MPC has enhanced the scope of policy debate
The first meeting of the reconstituted monetary policy committee (MPC) raised several important issues and enhanced the scope of policy debate. Economic conditions in India are perhaps more complicated at this stage than in other large economies. Inflation is running above the central bank’s tolerance band for several months and could remain elevated in the near term even as the economy is expected to contract by about 10 per cent in the current fiscal year. High inflation is not allowing the rate-setting committee to reduce interest rates further to support economic activity. It is in this context that the views of the MPC members become more critical.

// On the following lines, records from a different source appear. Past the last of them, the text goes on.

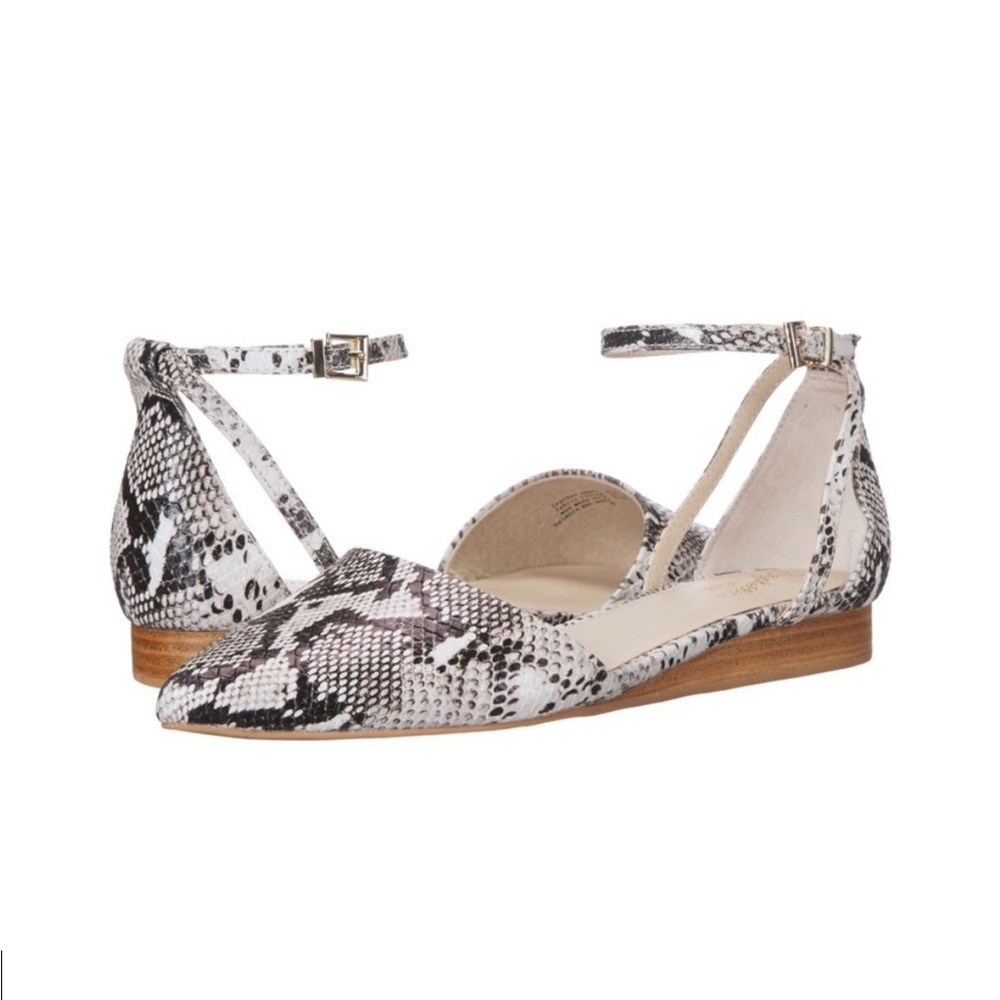 Seychelles Plateau Flat Snakeskin 7.5 EUC Pointy Toe Ballet Flats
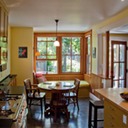 12. kitchen view to deck & yard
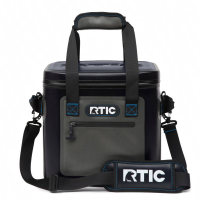 RTIC 12 Can Soft Pack Cooler, Blue / Grey Leakproof & Puncture Proof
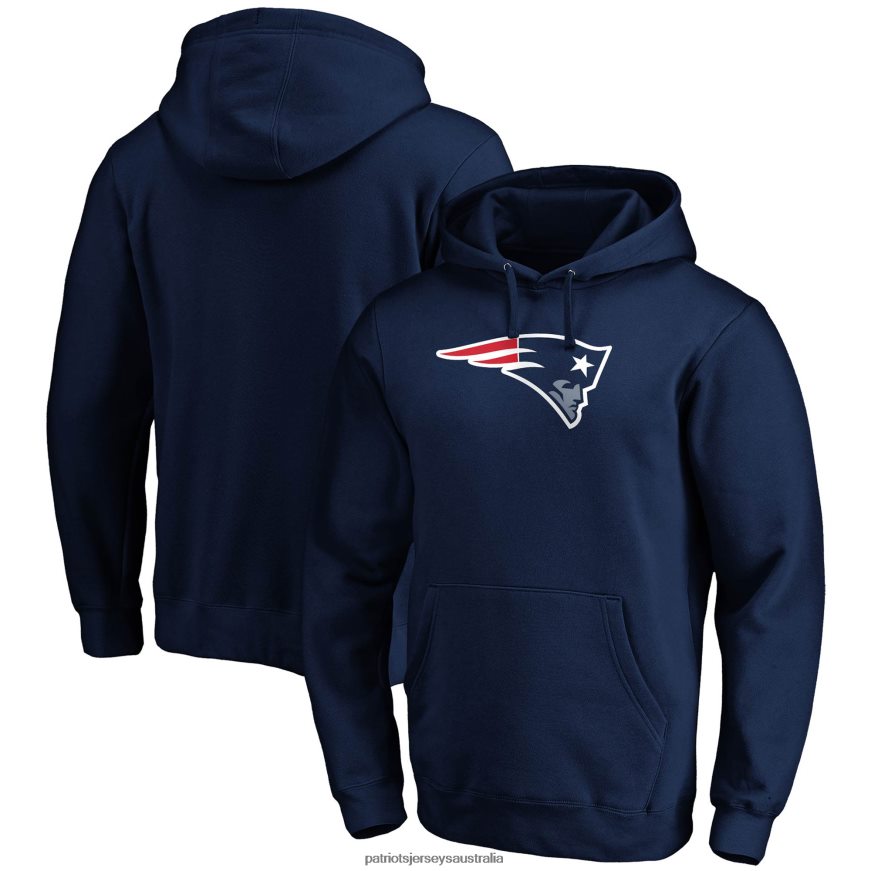 Men Fanatics Branded Navy Primary Logo Fitted Pullover Hoodie ZZ06V2638 Patriots Jersey Clothing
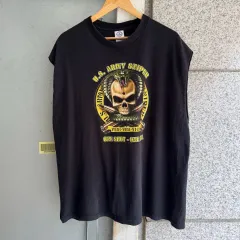 デルタ 狙撃兵 スカル ロゴ ノースリーブ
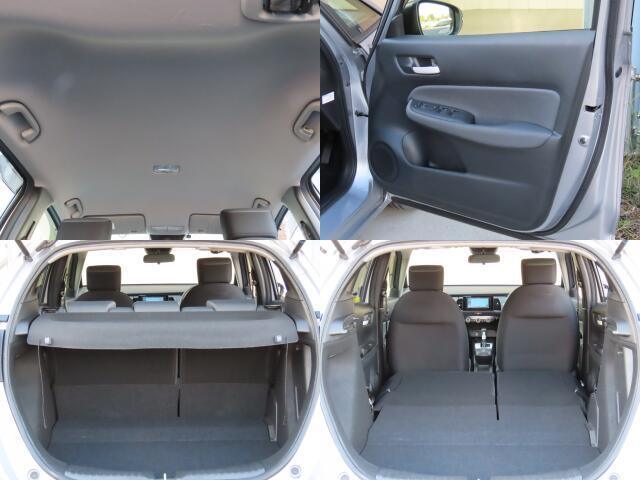 シートを倒せば、ラゲッジスペースがこんなにも広くなりますよ♪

Interestingly, as the minutes of the meeting released last week showed, newly appointed member Jayanth Varma expressed disagreement with the language of the policy resolution. He argued that the MPC could damage its credibility if it used words which did not reflect what it meant. It should be able to respond aggressively in the case of inflation shock. He further noted that formal guidance for six months in the policy resolution was suboptimal. A credible policy would compress the inflation risk premium and reduce the steepness of the yield curve. Higher longer-term rates not only affect investment in the economy, they also attract foreign funds in the debt market and push up the real effective exchange rate.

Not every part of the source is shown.